On Fri, 2005-10-28 at 08:31 -0300, Alvaro Herrera wrote:
> Simon Riggs wrote:
> > On Fri, 2005-10-28 at 13:21 +1300, Mark Kirkwood wrote:
> >
> > > regression=# SELECT c.relname, m.relblocknumber, m.blockfreebytes
> > > FROM pg_freespacemap m INNER JOIN pg_class c
> > > ON c.relfilenode = m.relfilenode LIMIT 10;
> >
> >
> > I like this, but not because I want to read it myself, but because I
> > want to make autovacuum responsible for re-allocating free space when it
> > runs out. This way we can have an autoFSM feature in 8.2
>
> What do you mean, re-allocating free space? I don't understand what you
> are proposing.
Moving to -hackers.
FSM currently focuses on reusing holes in a table. It does nothing to
help with the allocation of space for extending tables.

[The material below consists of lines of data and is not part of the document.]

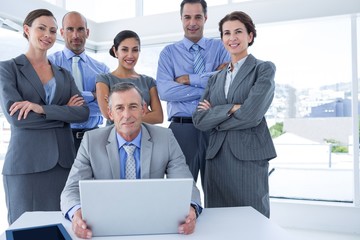 Business team working happily together on laptop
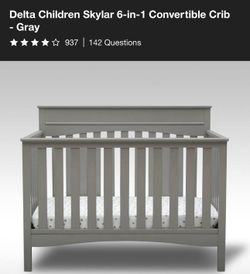 white baby crib 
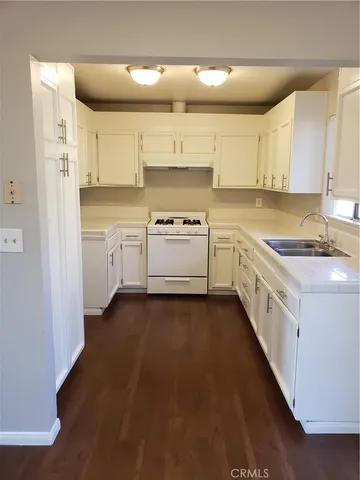 a kitchen with granite countertop white cabinets and white appliances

There are a few issues with current FSM implementation, IMHO, discussing
as usual the very highest end of performance:
1. Data Block Contention: If you have many free blocks in the FSM and
many concurrent UPDATE/INSERTers then each gets its own data block and
experiences little contention. Once the FSM is used up, each new block
is allocated by relation extension. At this point, all UPDATE/INSERTers
attempt to use the same block and contention increases as a result. ISTM
that if we were to re-fill the FSM with freshly allocated blocks then we
would be able to continue without data block contention. (We would still
have some index block contention, but that is a separate issue).
2. FSM Contention: As the FSM empties, it takes longer and longer to
find a free data block to insert into. When the FSM is empty, the search
time to discover that no free blocks are available is O(N), so the
freespace lock is held for longer the bigger you make the FSM. So
refilling the FSM automatically when it happens seems again like a
reasonable way to reduce contention. (Perhaps another way would be
simply to alter the search algorithm to make it O(1) when FSM empty,
which is simpler than it sounds.)
3. Helping Readahead efficiency: Currently blocks are allocated one at a
time. If many tables are extending at the same time, the blocks from
multiple tables will be intermixed together on the disk. Reading the
data back takes more head movement and reduces the I/O rate. Allocating
the blocks on disk in larger chunks would help to reduce that. Doing so
would require us to keep track of that, which is exactly what the FSM
already does for us. So automatically refilling the FSM seems like a
possible way of doing that since the FSM effectively tracks which
relations extend frequently and for whom larger allocations would be a
win. (Larger allocations in all cases would give very poor disk usage
that we might call fragmentation, if we can avoid debating that word)
There are other solutions to the above issues, so I really should have
started with the above as a problem statement rather than driving
straight to a partially thought through solution.
Do we agree those problems exist?
(I'm not intending to work on these issues myself anytime soon, so happy
for others to go for it.)
Best Regards, Simon Riggs